[Recorded data]
□ □ □ □ □ □ □

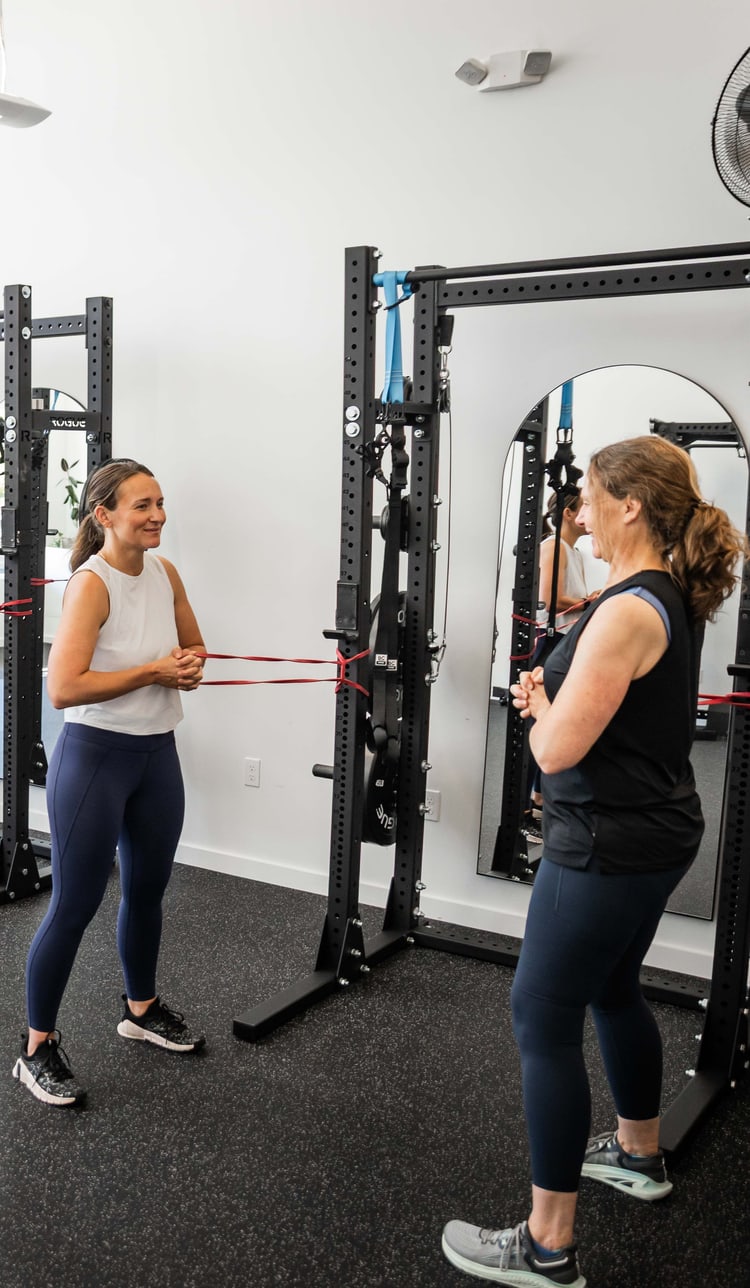Women doing resistance band exercises on the training floor at Women's Strength Collective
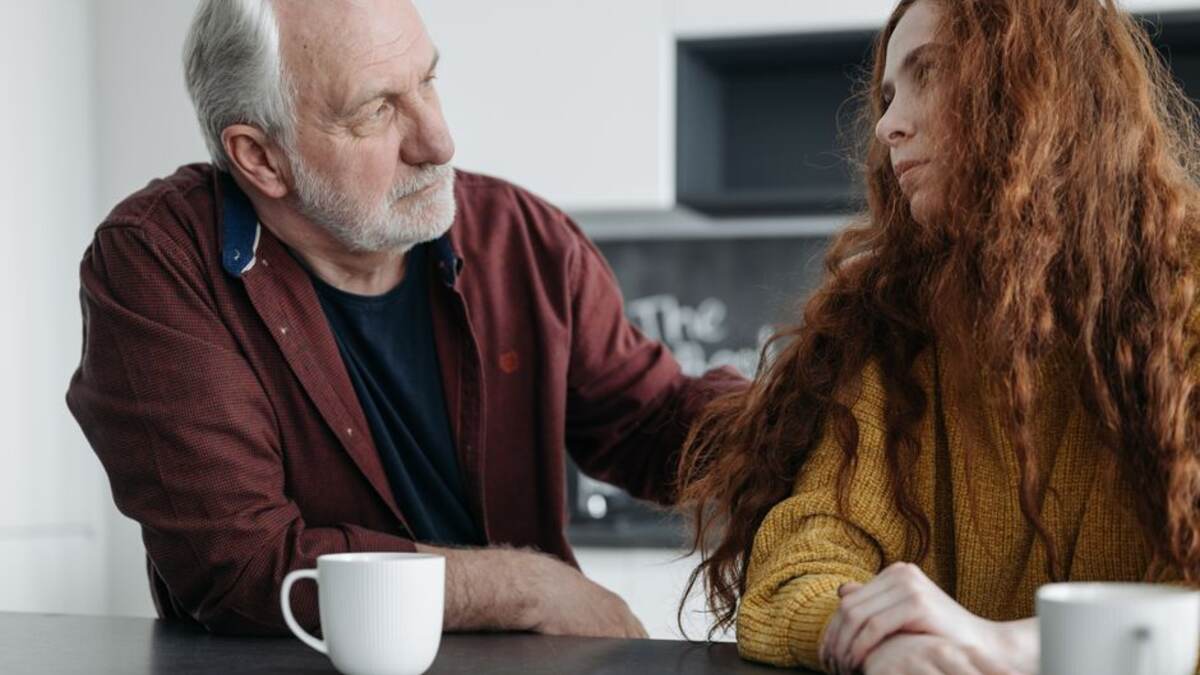 Homem mais velho sendo acolhido por uma familiar à mesa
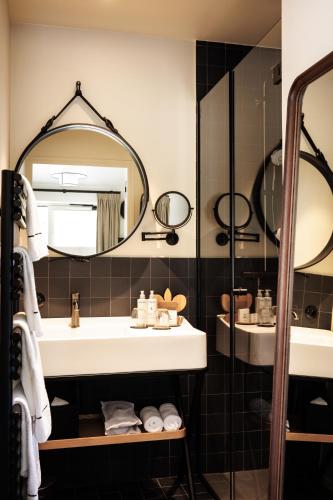 a bathroom with a sink and a mirror at Domaine de Locguénolé & Spa - Relais & Chateaux in Kervignac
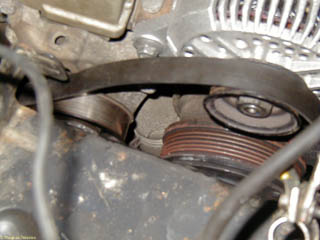 Serpentine belt placed around alternator pulley and on the wrong side of the idler pulley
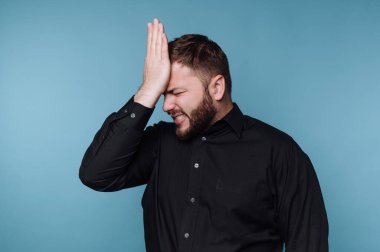 Bir adam mavi bir arka plana karşı duruyor ve hayal kırıklığına uğramış bir ifadeyi gösterirken elini alnına koyuyor. Siyah bir gömlek giyiyor ve derin düşüncelere dalmış gibi görünüyor..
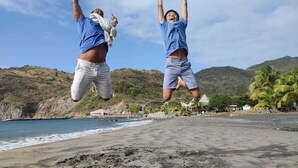 Two people jumping on a beach with a mountainous backdrop and a clear sky. - Chez Mango Villas (Old Towne)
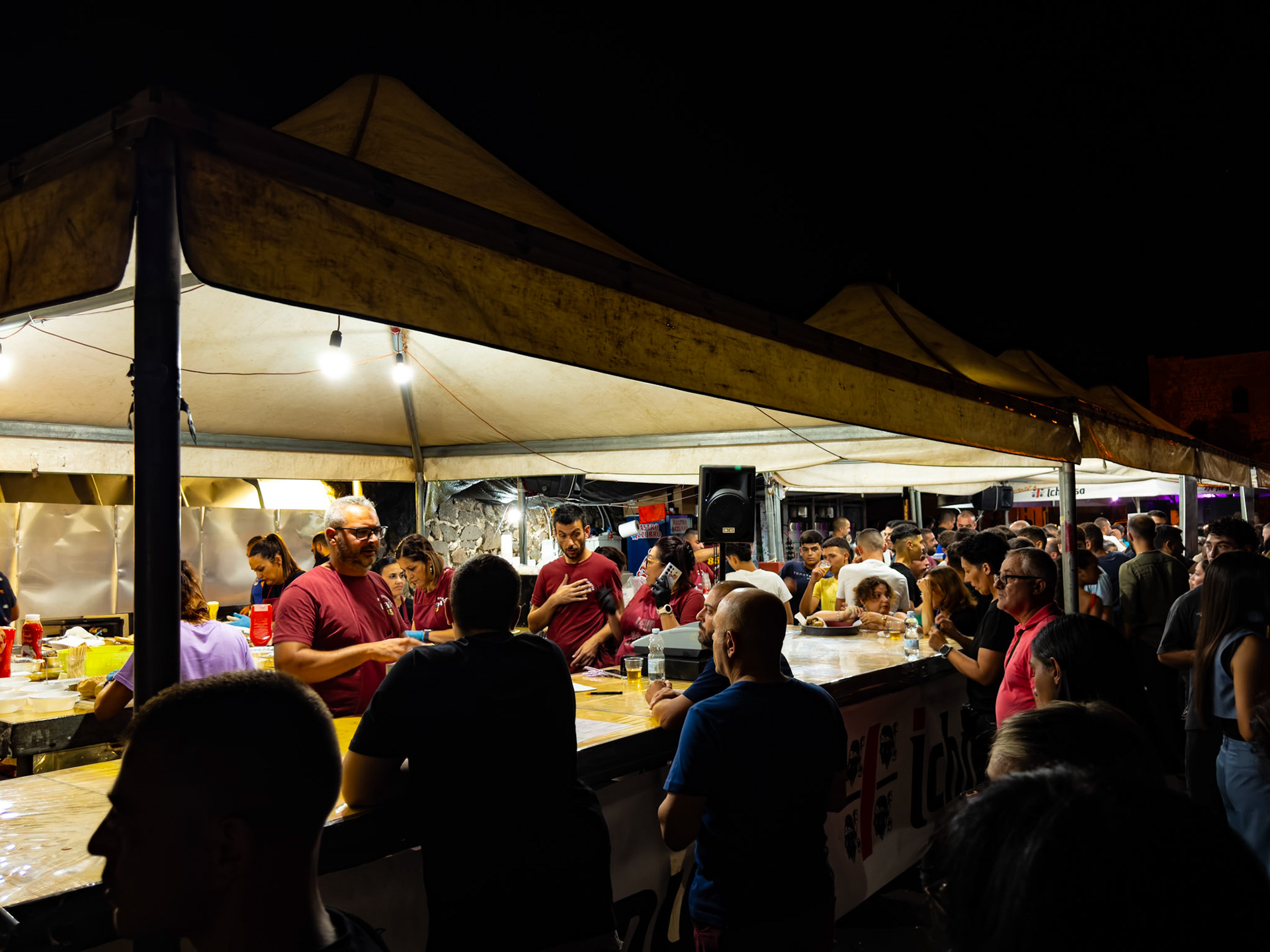 Beneath the lights of hunger and joy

□ □ □ □ □ □ □

Task brief: Retype exactly, please, the span from the line holding "a bathroom with" through the closing line of the data, both ends included, without the pictures.

Output of the task:
 a bathroom with a sink and a mirror at Domaine de Locguénolé & Spa - Relais & Chateaux in Kervignac
 Serpentine belt placed around alternator pulley and on the wrong side of the idler pulley
 Bir adam mavi bir arka plana karşı duruyor ve hayal kırıklığına uğramış bir ifadeyi gösterirken elini alnına koyuyor. Siyah bir gömlek giyiyor ve derin düşüncelere dalmış gibi görünüyor..
 Two people jumping on a beach with a mountainous backdrop and a clear sky. - Chez Mango Villas (Old Towne)
 Beneath the lights of hunger and joy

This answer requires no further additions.